- [Task]:
Find the line with "8897 com jogo" in the data below. Repeat it and every line after it exactly, but not the pictures.

-.-.-

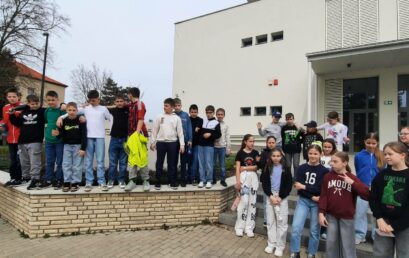 5. a szabaduló szoba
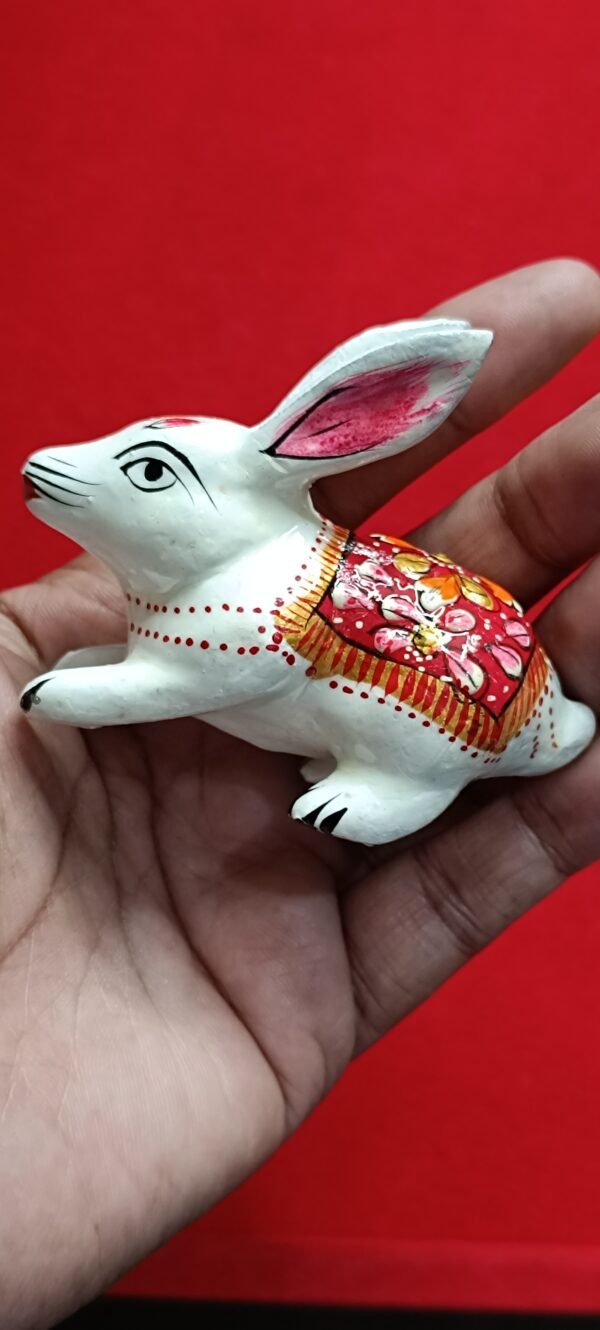 Rabbit Statue - Kahrgosh - Ketu Remedy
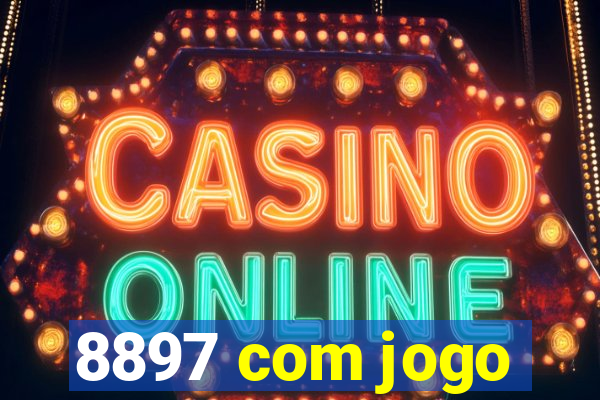 8897 com jogo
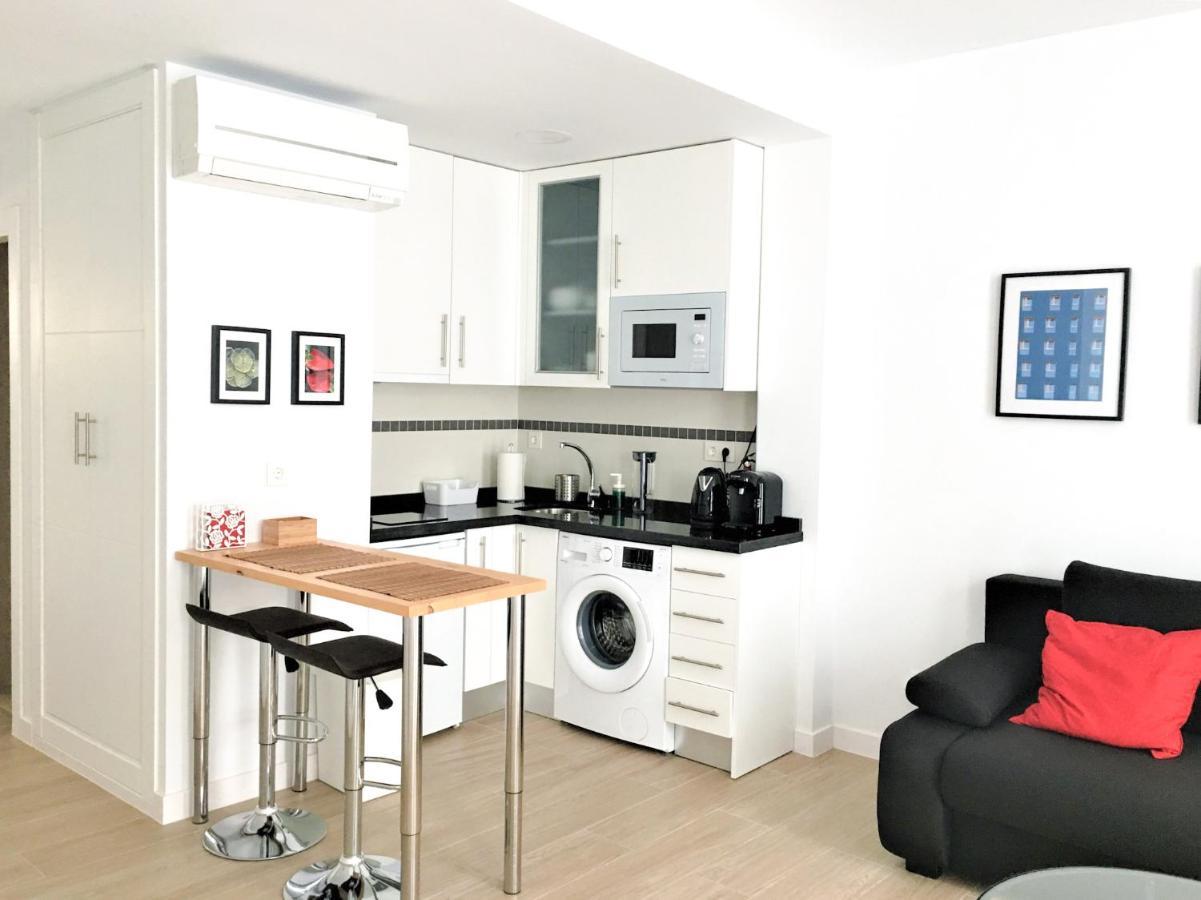 Centro Picacho Apartamento Málaga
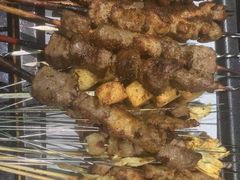 -冰城小镇音乐串吧·聚会餐厅(百子湾店)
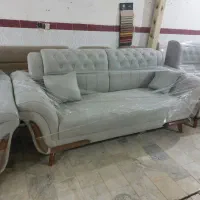 مبل راحتی|مبلمان خانگی و میز عسلی|اهر, |دیوار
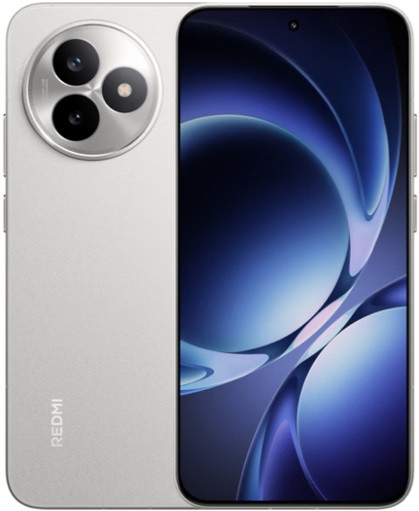 Xiaomi Redmi K80 Ultra 5G Dual Sim 512GB White (16GB RAM) - China Version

-.-.-

- [Answer below]:
 8897 com jogo
 Centro Picacho Apartamento Málaga
 -冰城小镇音乐串吧·聚会餐厅(百子湾店)
 مبل راحتی|مبلمان خانگی و میز عسلی|اهر, |دیوار
 Xiaomi Redmi K80 Ultra 5G Dual Sim 512GB White (16GB RAM) - China Version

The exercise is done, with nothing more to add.